Find, in the records below, the line that contains "Antique 18ct Gold Sardonyx Signet Ring" and the line that contains "Pásový bagr Hyundai ROBEX 80CR-9A - 12". Copy those two lines and everything between them exactly, but not the pictures.

• **Material shown**

........

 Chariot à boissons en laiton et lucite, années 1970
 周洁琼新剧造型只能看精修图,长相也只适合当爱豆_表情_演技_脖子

........

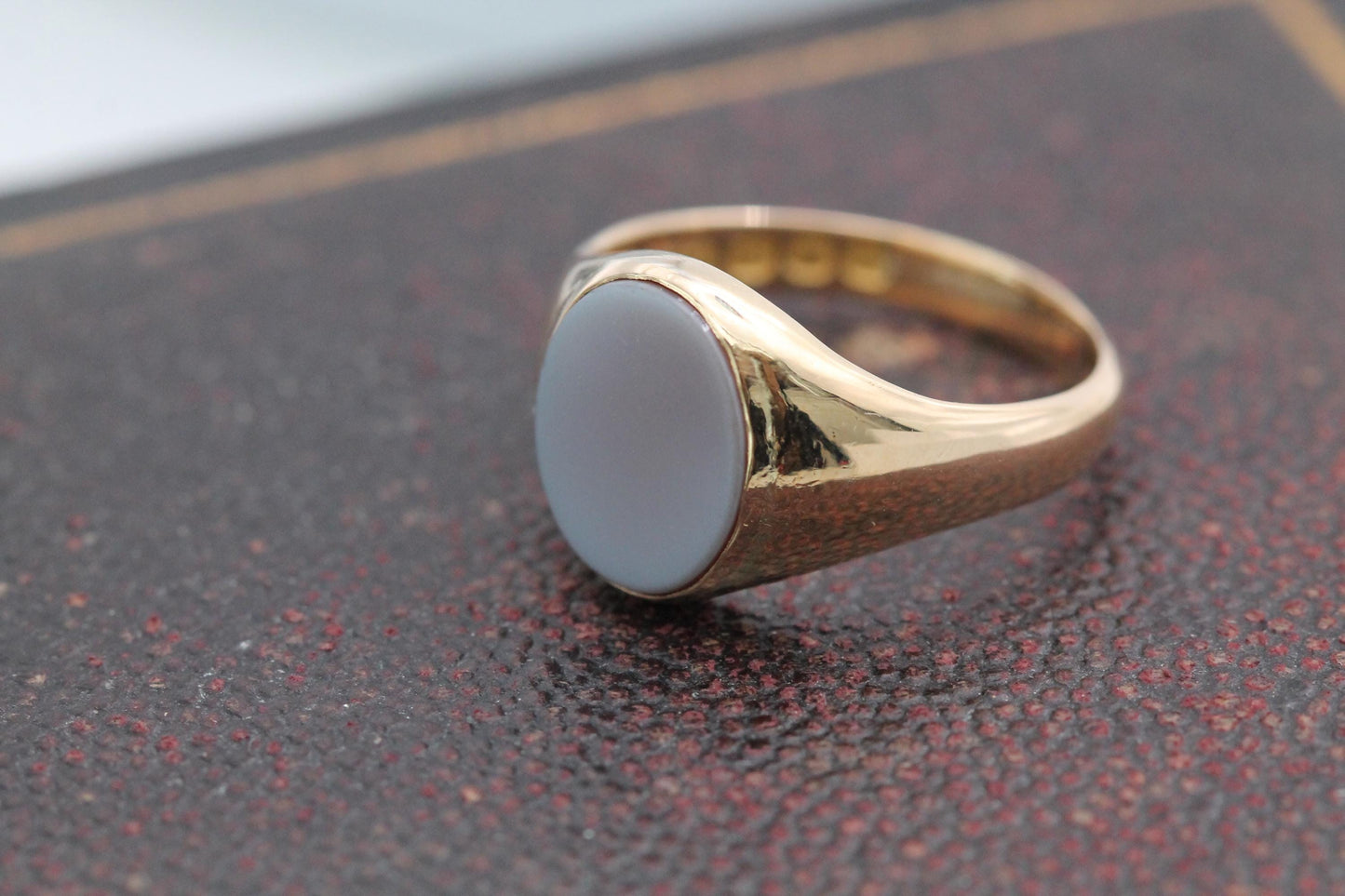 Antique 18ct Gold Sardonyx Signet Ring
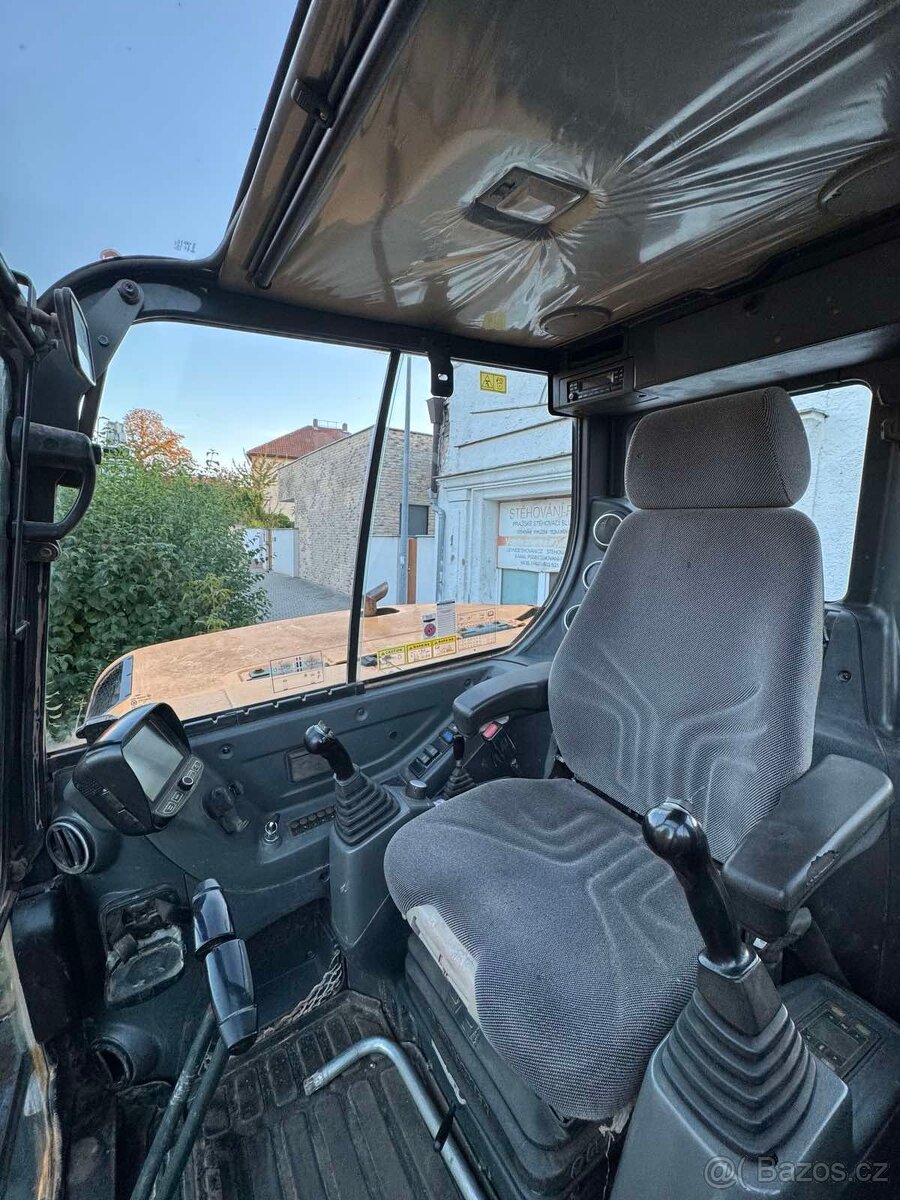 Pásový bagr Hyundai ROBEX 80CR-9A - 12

........

• **Exercise solution**
 Antique 18ct Gold Sardonyx Signet Ring
 Pásový bagr Hyundai ROBEX 80CR-9A - 12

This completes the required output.